Salwa Toko (born October 1975) is a diversity and digital literacy activist. She is President of the Conseil National du Numérique (CNNum).

== Early life and education ==
Toko was born in the 5th arrondissement of Paris. Her mother is of Moroccan, Syrian and Lebanese heritage and her father is from Nigeria and Benin. Her grandmother fought for women's rights in Arab countries. Toko grew up in Mali and attended high school in France. Whilst she had initially intended on studying medicine at college, she switched to law and specialised in international law. Toko completed her specialist science training at Sciences Po.

== Career ==
Toko was appointed Director of a television channel in Benin in 2000. Toko founded the Senegal the Africatic school which helped young people integrate internet in their work. Toko returned to France in 2009, where she joined the Fondation Agir Contre l'Exclusion (FACE). FACE looks to connect the business world with education. In 2014 Toko established WiFilles, a group within FACE that looks empower women in digital literacy. As part of WiFilles Toko trains teenage girls in digital skills including computer programming, web development and robotics. The girls are recruited from middle school. The organisation has been recognised by François Hollande, who awarded Toko the program La France s'engage, a €200,000 prize, and supported by Orange S.A.

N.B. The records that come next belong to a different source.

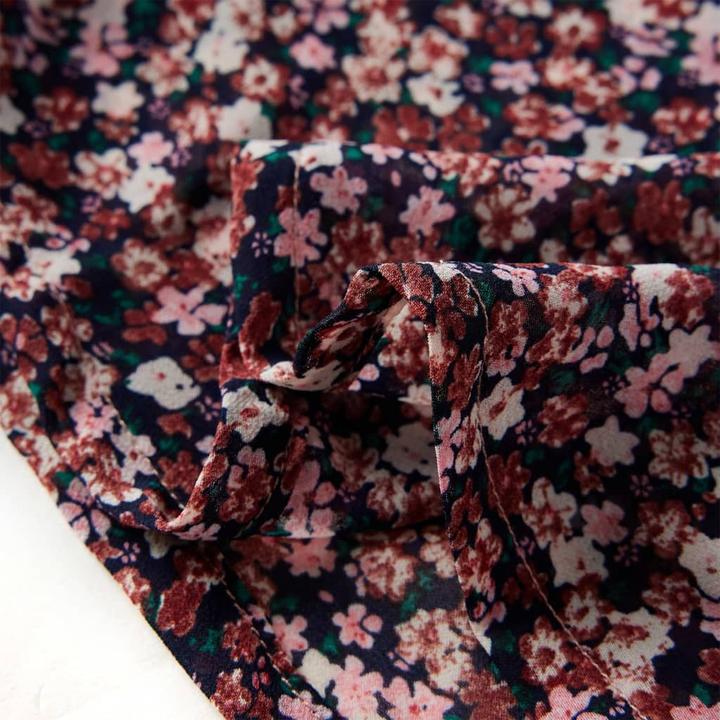 Immagine prodotto VidaXL Camicetta a maniche lunghe per bambini rosa scuro 104,Materiale: 100 (104)
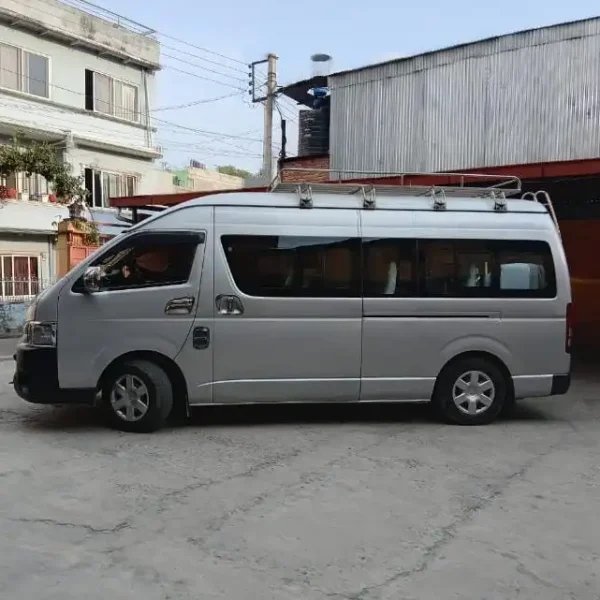 Kathmandu – Ramechhap – Kathmandu Sharing HiAce Package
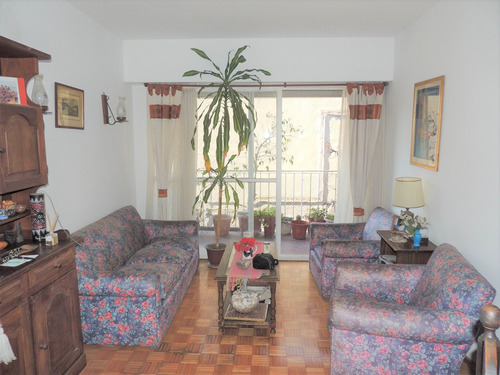 Departamento 3 Ambientes Con Terraza, En Acassuso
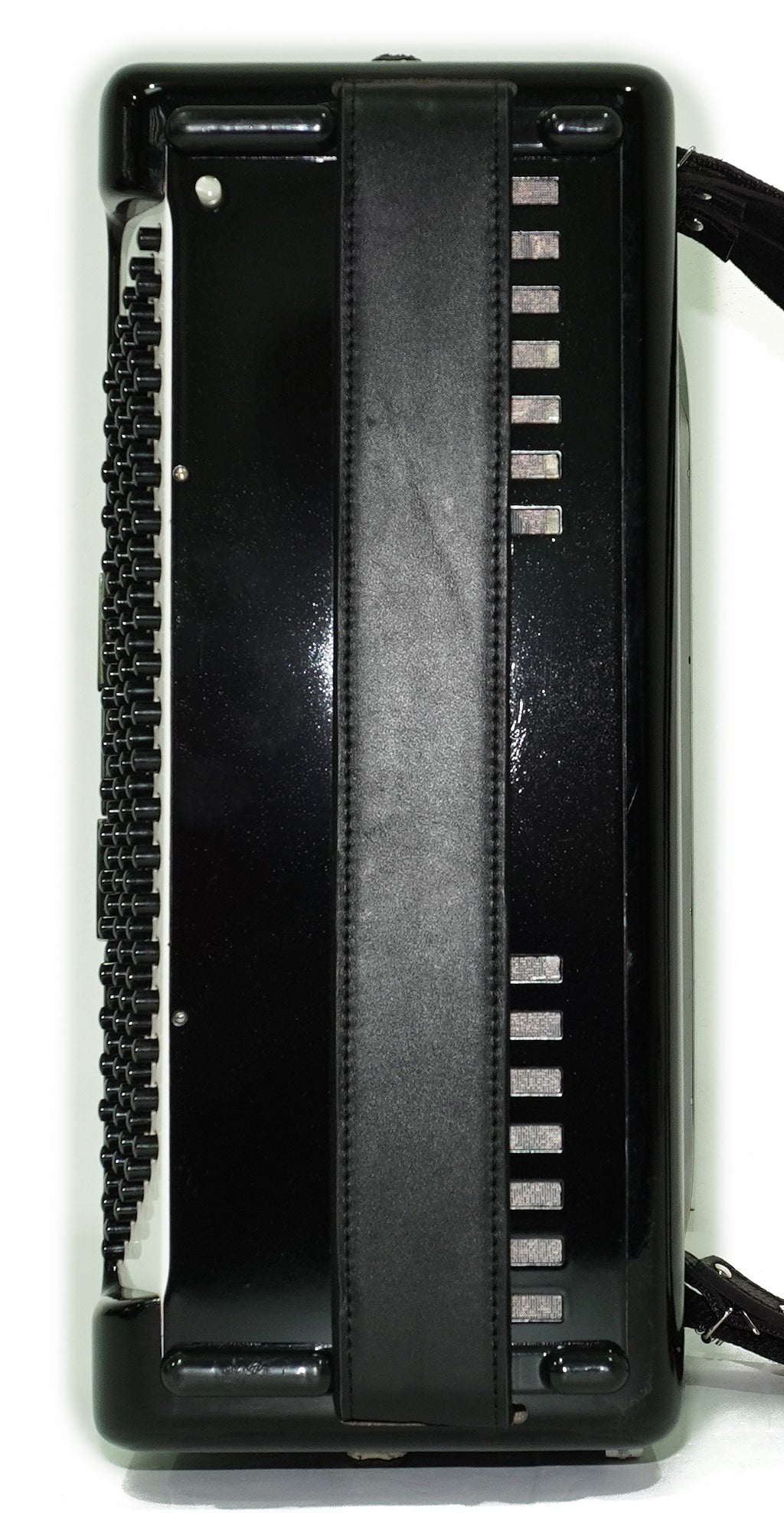 Hohner Riviera III N De Luxe C Griff 5 Row Button Accordion 120 Bass, made in Germany, Straps and Case, Accordeone de Botones, 2749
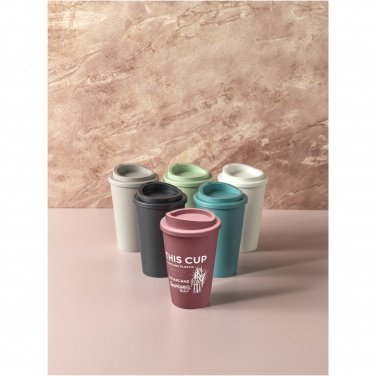 Logo trade business gift photo of: Insulated tumbler Americano®­­ Renew 350 ml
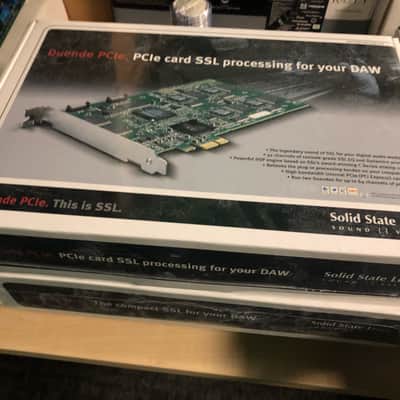 Solid State Logic SSL - Duende PCI-E Card image 1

In April 2018 Toko launched Becomtech, an EdTech organisation that supports women after their baccalauréat, Becomtech offers three to five week coding programmes across France and is funded by Total Foundation and Maïf.

Toko was selected by Mounir Mahjoubi as the President of the Conseil National du Numérique (CNNum) in 2018. Her role is to reflect on major issues facing the French tech sector. She has called for people to consider laws to protect workers on zero-hours contracts, and has said that Uber and Deliveroo workers can be considered the precursors to robots under current employment law. She was inducted into L'Académie des Sciences Techniques Comptables in 2019. She was selected by E-commerce magazine as one of the top women in technology in 2019. In France only 10% of engineering students are women and only 3% of cyber security specialists are women. In her capacity as President of CNNum Toko advocates for more diversity in technology.